# Daytime Running Lights Problems



## Fredab62 (Mar 31, 2007)

Hi Fellow Nissan Lovers. I own a 1992 Nissan Maxima SE 5 speed. I bought this car brand new and have kept it stored during east coast winters. The car has 225,000 KM, and naturally is begining to show little annoyances. First the Variable Cam Covers need to be changed, (ticking sound makes it sound like a diesel when the engine is cold) But the one issue that I cannot figure out is the daytime running lights. The right headlight will shut down and my left High Beam turns on to full capacity. What is the solution? Please someone help.


----------



## Razor05 (Apr 19, 2007)

Fredab62 said:


> Hi Fellow Nissan Lovers. I own a 1992 Nissan Maxima SE 5 speed. I bought this car brand new and have kept it stored during east coast winters. The car has 225,000 KM, and naturally is begining to show little annoyances. First the Variable Cam Covers need to be changed, (ticking sound makes it sound like a diesel when the engine is cold) But the one issue that I cannot figure out is the daytime running lights. The right headlight will shut down and my left High Beam turns on to full capacity. What is the solution? Please someone help.

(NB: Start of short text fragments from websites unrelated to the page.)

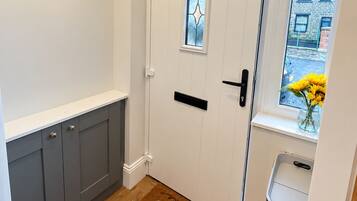 A hallway with a wooden floor, a white door with a glass window, a coat rack, and a trash bin.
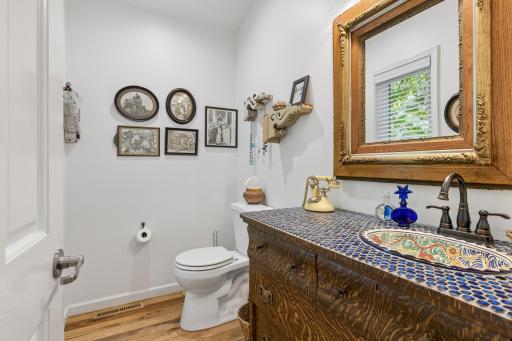 Vintage-inspired powder room with a unique vanity â full of character and charm.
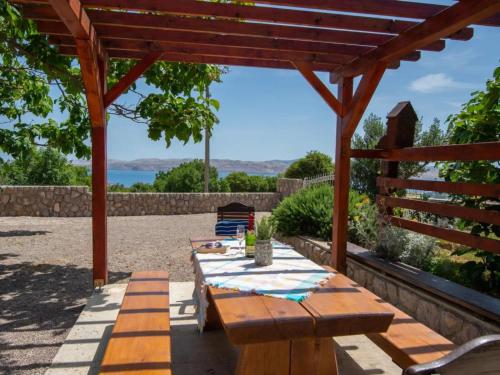 a wooden picnic table under a wooden pergola at Apartments Sanja in Karlobag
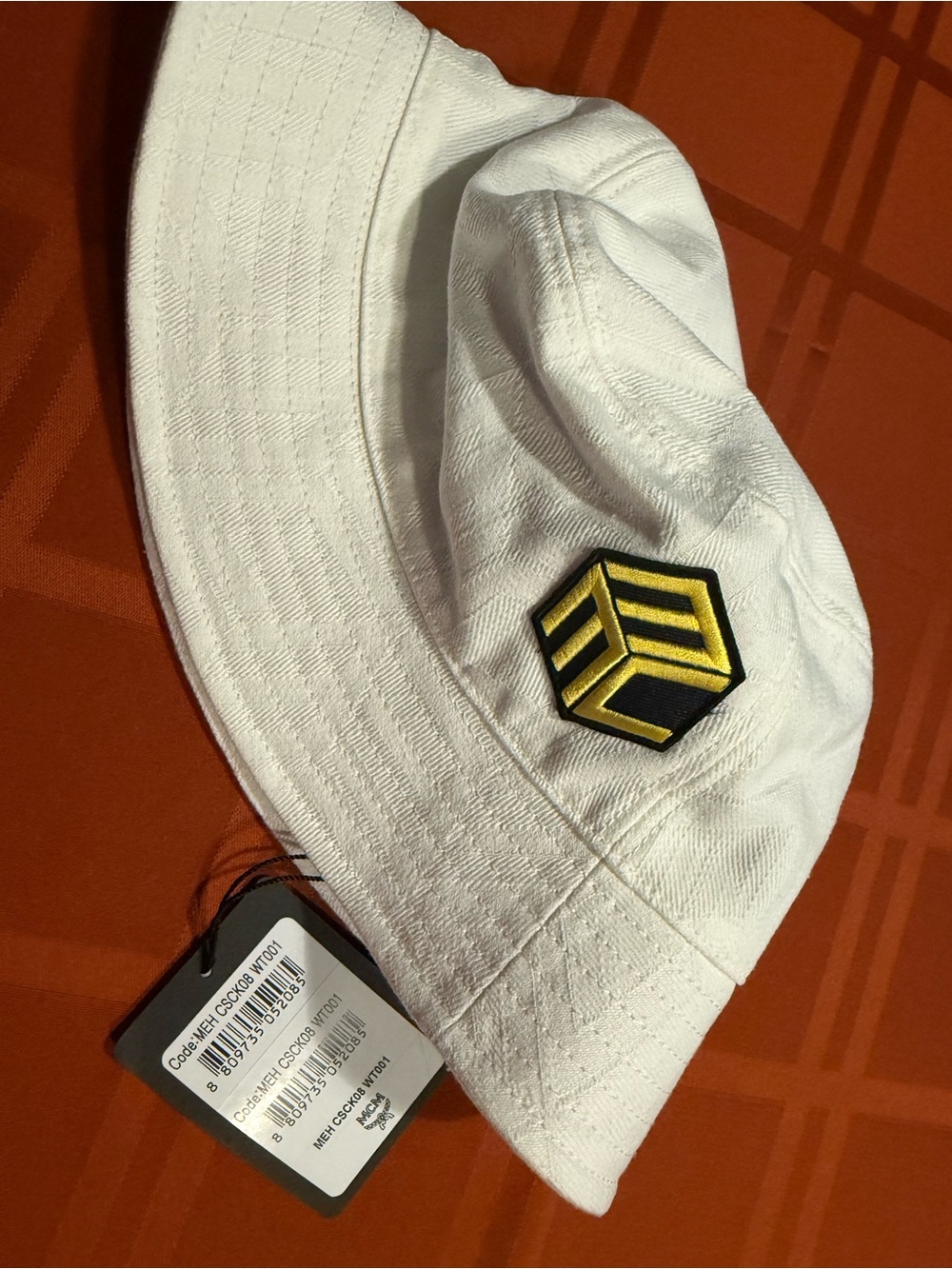 MCM White Cotton Bucket Hat with Black & Yellow Geometric Patch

I had the same problem with a 94 Pathfinder I used to own. I was told in was in the daytime running light module, located on the passenger side beside the battery on the outer fender. Supposedly it was the soldered connections in the module itself. I tried resoldering all the connections I could. It did help but not 100%. I could have bought a new one ($150CDN), but I was selling the vehicle. It's something you can try.


----------



## Fredab62 (Mar 31, 2007)

Hello Razor05

Thanks for your great help. I did not know Pathfinders encountered the same problem. I never really checked with Nissan to see if this was a common problem with all their car lineup. I shall try what you suggested, and if this fails I will buy the running light module. I will let you know the outcome. Thanks again.


----------



## Razor05 (Apr 19, 2007)

Fredab62 said:


> Hello Razor05
> 
> Thanks for your great help. I did not know Pathfinders encountered the same problem. I never really checked with Nissan to see if this was a common problem with all their car lineup. I shall try what you suggested, and if this fails I will buy the running light module. I will let you know the outcome. Thanks again.


Your welcome. It was actually a Nissan mechanic who suggested that. He said that over time, those soldered joints need to be redone. You might want to check if you can return the module if that isn't it. I know here, I wasn't able to do that. I'm curious to see if that solves your problem.


----------



## mayfew (Aug 18, 2004)

I had the same problem a 99 maxima. when one of the head lights went out I replaced the bulb, but after a few minutes of driving the other headlight would go out. I was told that daytime running module was broken but the cost to replace it was too much. then I was told to change both of the bulbs at the same time with the same brand. turns out sometimes when the different brand of bulbs operate on the same circuit it "messes" with the daytime running module. After I changed both bulbs the problem went away.


----------